== Task prompt ==
Exactly the lines below from the one with "Cascading waterfall and" up to and including the one with "Merle-coated dog running" make up the answer, with nothing else added.

== Crawled caption data ==
* * * *

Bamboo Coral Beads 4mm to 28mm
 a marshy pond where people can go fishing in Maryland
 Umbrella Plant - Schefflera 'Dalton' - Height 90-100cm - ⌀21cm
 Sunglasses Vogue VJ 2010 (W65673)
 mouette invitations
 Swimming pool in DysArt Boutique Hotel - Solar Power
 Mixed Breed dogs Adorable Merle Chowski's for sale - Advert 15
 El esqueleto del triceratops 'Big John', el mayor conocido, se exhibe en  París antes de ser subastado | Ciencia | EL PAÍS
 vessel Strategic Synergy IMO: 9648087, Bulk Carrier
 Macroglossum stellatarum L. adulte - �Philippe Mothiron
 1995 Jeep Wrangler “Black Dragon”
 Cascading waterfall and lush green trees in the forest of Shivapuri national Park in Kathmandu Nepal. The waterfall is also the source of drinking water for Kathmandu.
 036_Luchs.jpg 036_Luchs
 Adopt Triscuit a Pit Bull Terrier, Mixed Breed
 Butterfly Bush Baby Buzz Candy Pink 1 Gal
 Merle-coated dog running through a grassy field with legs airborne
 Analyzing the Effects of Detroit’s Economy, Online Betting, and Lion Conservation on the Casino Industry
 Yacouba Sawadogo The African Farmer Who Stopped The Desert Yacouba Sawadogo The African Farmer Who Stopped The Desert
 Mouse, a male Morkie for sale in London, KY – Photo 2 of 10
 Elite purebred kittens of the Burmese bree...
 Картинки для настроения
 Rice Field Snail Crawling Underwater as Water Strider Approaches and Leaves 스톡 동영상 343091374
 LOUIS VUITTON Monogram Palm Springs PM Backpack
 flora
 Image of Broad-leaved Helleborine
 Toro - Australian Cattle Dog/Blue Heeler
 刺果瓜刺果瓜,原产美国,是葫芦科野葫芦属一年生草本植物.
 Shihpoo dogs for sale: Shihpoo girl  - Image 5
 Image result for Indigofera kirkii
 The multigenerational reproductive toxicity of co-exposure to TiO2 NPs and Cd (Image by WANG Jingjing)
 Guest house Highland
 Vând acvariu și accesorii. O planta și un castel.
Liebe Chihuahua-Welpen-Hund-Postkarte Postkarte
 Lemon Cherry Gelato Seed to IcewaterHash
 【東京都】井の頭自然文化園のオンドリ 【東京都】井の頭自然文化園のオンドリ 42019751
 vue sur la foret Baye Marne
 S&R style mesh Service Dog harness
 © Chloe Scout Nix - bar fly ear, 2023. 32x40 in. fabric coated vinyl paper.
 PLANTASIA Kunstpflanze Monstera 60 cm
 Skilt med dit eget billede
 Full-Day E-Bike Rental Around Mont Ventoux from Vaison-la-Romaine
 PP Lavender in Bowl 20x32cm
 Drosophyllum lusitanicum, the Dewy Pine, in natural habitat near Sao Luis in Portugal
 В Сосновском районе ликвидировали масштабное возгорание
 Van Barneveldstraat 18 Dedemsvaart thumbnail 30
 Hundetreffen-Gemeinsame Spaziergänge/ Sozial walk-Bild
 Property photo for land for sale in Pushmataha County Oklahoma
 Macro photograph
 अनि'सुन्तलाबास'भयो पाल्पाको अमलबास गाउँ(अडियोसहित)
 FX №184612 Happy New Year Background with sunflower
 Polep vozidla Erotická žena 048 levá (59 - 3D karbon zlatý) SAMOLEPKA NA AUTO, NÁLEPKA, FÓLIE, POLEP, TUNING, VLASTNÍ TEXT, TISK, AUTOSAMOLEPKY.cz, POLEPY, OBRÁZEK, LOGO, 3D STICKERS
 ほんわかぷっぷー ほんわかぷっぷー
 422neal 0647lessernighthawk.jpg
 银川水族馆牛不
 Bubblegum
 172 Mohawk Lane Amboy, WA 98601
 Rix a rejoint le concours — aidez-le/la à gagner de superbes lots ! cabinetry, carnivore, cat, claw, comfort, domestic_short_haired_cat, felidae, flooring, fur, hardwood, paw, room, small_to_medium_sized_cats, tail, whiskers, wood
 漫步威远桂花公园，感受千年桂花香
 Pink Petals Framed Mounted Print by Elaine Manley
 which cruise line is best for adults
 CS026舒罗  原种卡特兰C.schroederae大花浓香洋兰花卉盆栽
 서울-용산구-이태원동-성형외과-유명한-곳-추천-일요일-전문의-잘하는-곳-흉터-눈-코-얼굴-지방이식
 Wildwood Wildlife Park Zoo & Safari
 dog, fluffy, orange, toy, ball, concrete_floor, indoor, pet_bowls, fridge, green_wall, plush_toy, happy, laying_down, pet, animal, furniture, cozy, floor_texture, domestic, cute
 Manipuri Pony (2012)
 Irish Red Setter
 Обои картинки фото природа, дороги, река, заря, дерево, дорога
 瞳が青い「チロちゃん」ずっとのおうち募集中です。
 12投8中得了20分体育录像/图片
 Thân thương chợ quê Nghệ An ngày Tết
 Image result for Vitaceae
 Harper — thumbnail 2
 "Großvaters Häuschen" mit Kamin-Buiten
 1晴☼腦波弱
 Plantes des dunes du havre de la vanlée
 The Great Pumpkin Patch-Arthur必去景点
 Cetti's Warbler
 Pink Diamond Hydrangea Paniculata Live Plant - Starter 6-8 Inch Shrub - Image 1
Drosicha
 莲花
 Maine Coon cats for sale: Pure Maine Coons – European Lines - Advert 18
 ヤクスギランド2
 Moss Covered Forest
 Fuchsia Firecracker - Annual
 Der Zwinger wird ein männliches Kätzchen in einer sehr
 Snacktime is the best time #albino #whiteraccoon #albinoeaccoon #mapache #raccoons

* * * *

== Answer ==
 Cascading waterfall and lush green trees in the forest of Shivapuri national Park in Kathmandu Nepal. The waterfall is also the source of drinking water for Kathmandu.
 036_Luchs.jpg 036_Luchs
 Adopt Triscuit a Pit Bull Terrier, Mixed Breed
 Butterfly Bush Baby Buzz Candy Pink 1 Gal
 Merle-coated dog running through a grassy field with legs airborne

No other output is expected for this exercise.